While Hans Stierle was leading all of the AYSO regions through their introduction year of Division III, Bill Wolstencroft, South Bay/Torrance region commissioner, was adamant in allowing any youngster, even throughout the season, who wished to play, an opportunity to join even when all 4 Division III teams, starting out with 12 players, filled up to 15 players. Bill Wolstencroft in the middle of the season added two more Division III teams to accommodate those who were learning of AYSO soccer and its expansion via Division III, ages 7 to 9. Success in AYSO growth had a new foundation; one that the parents treasured and participated most fully.

Division III, totaling only 6 teams in the 1967-68 Torrance/South Bay season, would grow to 18 teams in the following year, and to be prepared, new fields, quantity and quality of soccer balls in three sizes, (Size 5 for Division I, Size 4 for Division II, and Size 3 for Division III), were required not only for each team but availability to each player to hone their skills in their own back yard, and at affordable costs.           

AYSO was now undergoing the many challenges of growth. In addition to the need of fields, equipment, coaches, referees, and field maintenance, the addition of American born parents would outnumber the “old country born” parents. Attitudes of little league parents and demands of hard working volunteer parents would come into the operation of South Bay AYSO.  One person, Ron Littlefair, appointed Publicity Director of the South Bay, did more for establishing public relations in this prime region of AYSO and in the most difficult of times, the continuing formative years. Relations with the many organizations of city government and school boards were of essence. Like many Torrance AYSO Pioneers, Ron Littlefair eventually moved into the AYSO National Office. Ron served as National Vice President of Growth and Development, Publicity Director, and Insurance Consultant. In the season of 1967-68, Ron placed his public relations marker,  and Torrance (AKA South Bay) would lead the Southern California cities to their rightful leadership place in AYSO.

Most importantly, Ron, in many varied positions, was instrumental in having the South Torrance AYSO region assist in the first public high school, South Torrance High School, to join the California Interscholastic Federation South Section, the largest section in California. AYSO was positioned to follow the American way of sports, youth, to high school, to college, to the professional ranks.

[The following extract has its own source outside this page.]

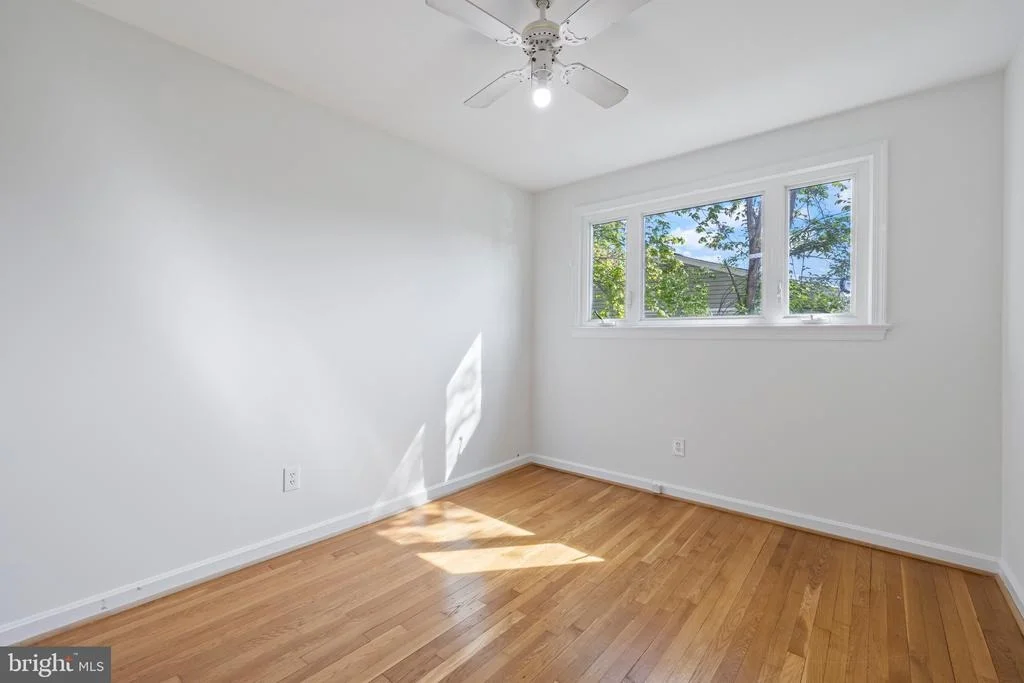 Photo of 9821 SINGLETON DRIVE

Regional commissioner Bill Wolstencroft, with special attention to Division III, surrounded himself with the best of volunteers and with an increase in the number of players from nearby cities participatuing, the City of Torrance  would take on the challenge of leading the South Bay expansion. The next three years of AYSO in Torrance would require not only an increase in volunteers but also a willingness to share in the joy of AYSO's place in youth sports.
At this stage of AYSO growth, Torrance (South Bay) AYSO would be best positioned to set the standards of having city government and AYSO on the same playing field. It was not to be taken for granted that AYSO would be fully accepted by city officials who grew up in other sports. Ron Littlefair, a Torrance City stalwart in Little League baseball not only cajoled the City into supporting AYSO soccer but was instrumental in these growing years to prepare, print, and deliver the weekly Soccer Kicker to every team in Torrance that expressed the joy of the youth. Ron was a true AYSO volunteer involved in solving the most difficult of tasks at all levels while detailing each and every growth factor.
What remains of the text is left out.